• EXERCISE:
Below are lines of records; copy exactly those from the one containing "Carpeta de anillas" through the one containing "On the Shinkansen", leaving the pictures behind.

• EXCERPTED RECORDS:
# # # # #
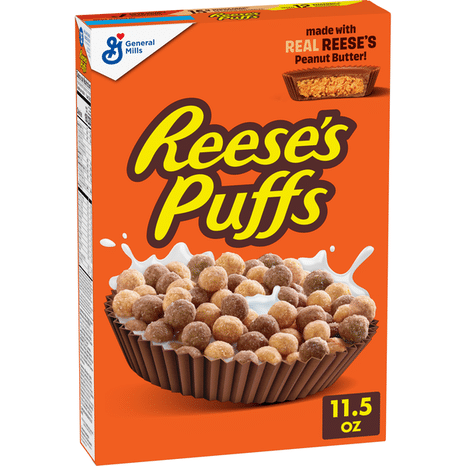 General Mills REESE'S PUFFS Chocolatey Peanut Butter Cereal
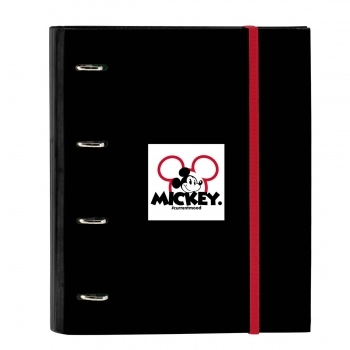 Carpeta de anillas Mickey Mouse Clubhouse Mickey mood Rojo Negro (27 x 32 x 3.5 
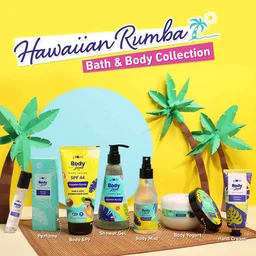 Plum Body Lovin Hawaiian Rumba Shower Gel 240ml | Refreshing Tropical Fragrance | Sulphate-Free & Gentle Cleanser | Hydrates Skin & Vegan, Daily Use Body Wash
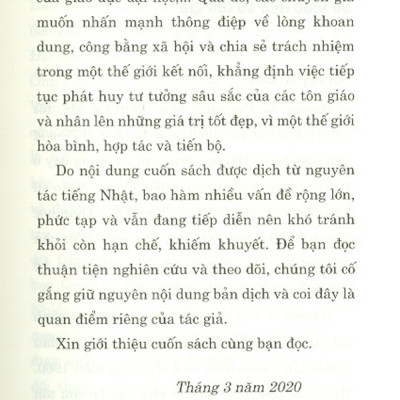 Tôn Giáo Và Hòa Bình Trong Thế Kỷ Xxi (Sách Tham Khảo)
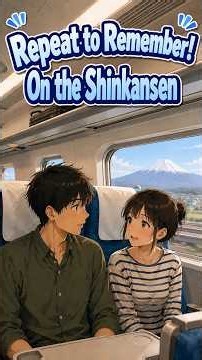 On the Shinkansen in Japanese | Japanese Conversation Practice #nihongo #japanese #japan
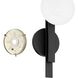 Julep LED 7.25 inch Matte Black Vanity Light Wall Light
# # # # #
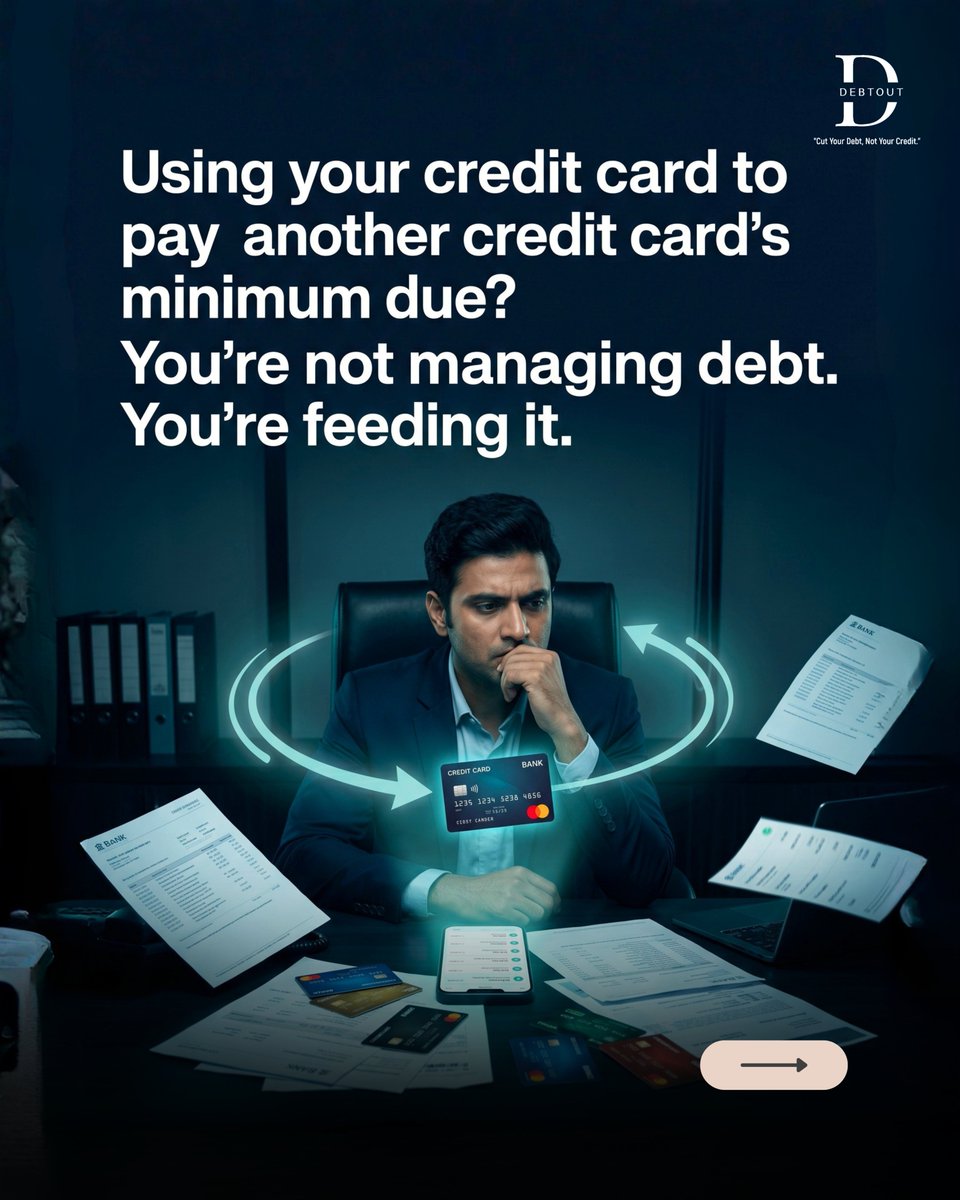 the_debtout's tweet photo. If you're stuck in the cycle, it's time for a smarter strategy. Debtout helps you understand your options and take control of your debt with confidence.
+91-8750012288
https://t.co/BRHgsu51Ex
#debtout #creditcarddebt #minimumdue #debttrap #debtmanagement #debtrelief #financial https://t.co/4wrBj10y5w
# # # # #
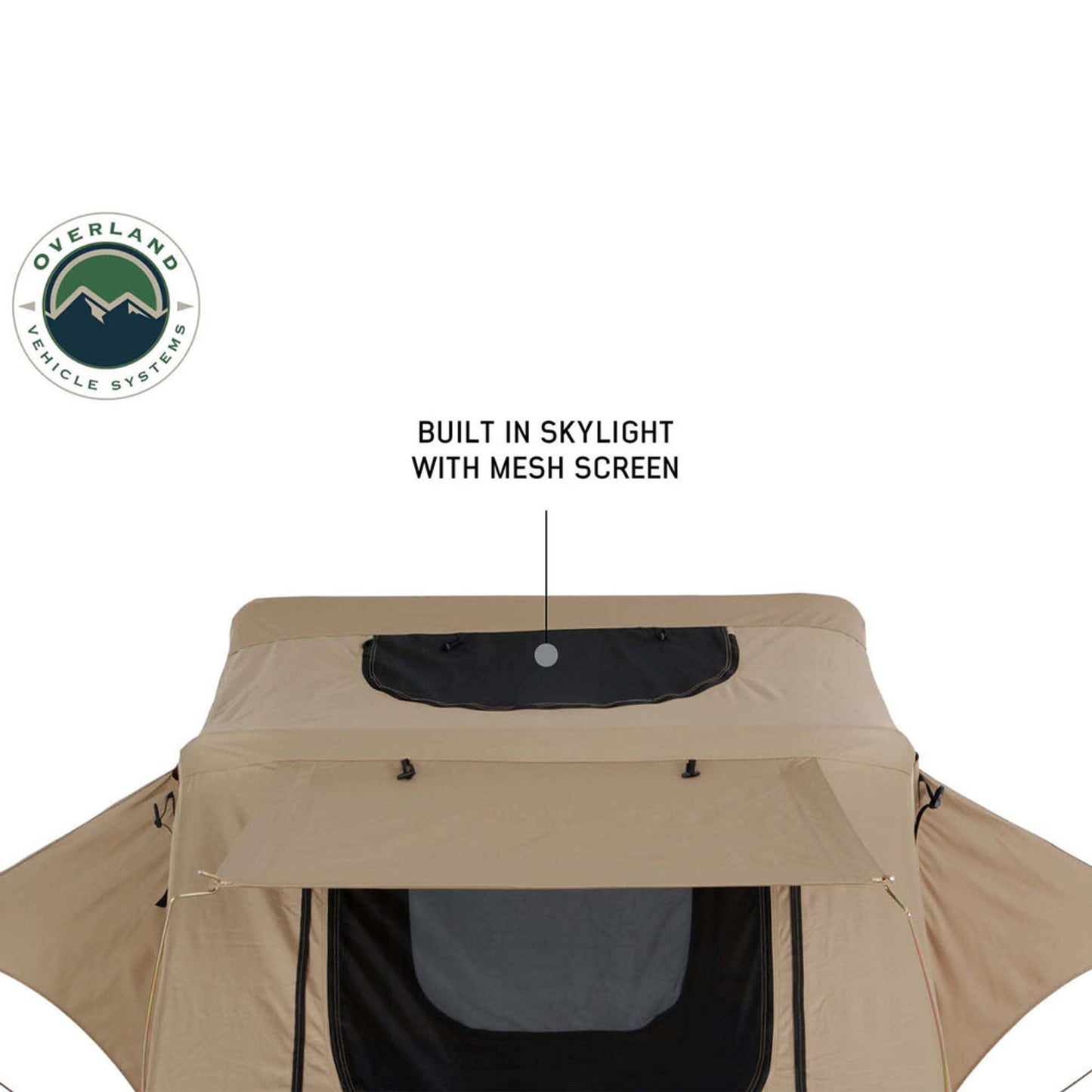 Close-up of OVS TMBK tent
# # # # #
• SOLUTION TO THIS EXERCISE:
 Carpeta de anillas Mickey Mouse Clubhouse Mickey mood Rojo Negro (27 x 32 x 3.5 
 Plum Body Lovin Hawaiian Rumba Shower Gel 240ml | Refreshing Tropical Fragrance | Sulphate-Free & Gentle Cleanser | Hydrates Skin & Vegan, Daily Use Body Wash
 Tôn Giáo Và Hòa Bình Trong Thế Kỷ Xxi (Sách Tham Khảo)
 On the Shinkansen in Japanese | Japanese Conversation Practice #nihongo #japanese #japan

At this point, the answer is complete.